Every time I think I'm actually grown up, something new pops up that I've never encountered before. And when it's all over, I think to myself "OK, now I'm really grown up." Last weekend's example: lighting the pilot light on my new stove. Let's start from the beginning. I was super excited for the stove's delivery, because 1) my old stove was broken and covered with rust and who knows what else from previous tenants; 2) it took at least a week of rescheduling delivery dates before it actually arrived, and; 3) I was getting plain old sick of using the microwave to cook everything. I come home after work on Friday and it's sitting there, sparkling white and brand new. I check the burners and warm up some soup. Perfect.

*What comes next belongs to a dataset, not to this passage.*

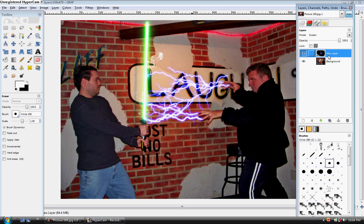And you're done. Just go ahead, right click and merge this down. And you have got some pretty decent looking force lightning. I hope you enjoy this tutorial. And thanks for watching.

By Sunday, I decide to cook for real, and I "warm up" the oven. One problem, though. I open the door to put in my food, and there's no gush of escaping hot air. Nothing at all. And I notice a small sticker near the controls: "Important. Oven pilot lighting instructions located on inside of oven door." Sure enough, inside are six steps to a working oven, and to my dinner. Step number one tells me to remove the oven door by pulling it off the hinges. Simple, right? I think, you've got to be kidding. How in the world am I supposed to take off that thick door? I pull for a couple seconds, then call my mom. Pull a little more, and talk to my dad. I get a good grip and it finally comes off surprisingly easy. Out come the racks, followed by the metal bottom and I'm staring at the pilot, or at least it's what the instructions say is the pilot. Our family stove is electric, so my experience with gas stoves is minimal. This is probably why when I think of "lighting the pilot" I imagine the whole apartment exploding into flames. My mom apparently does, too, because she insisted I keep her on the phone line while I did the operation. We're probably both guilty of watching too many movies or special investigative news shows. "Did you know there's danger lurking in your kitchen? Tune in tonight to find out how to save your family from a killer oven."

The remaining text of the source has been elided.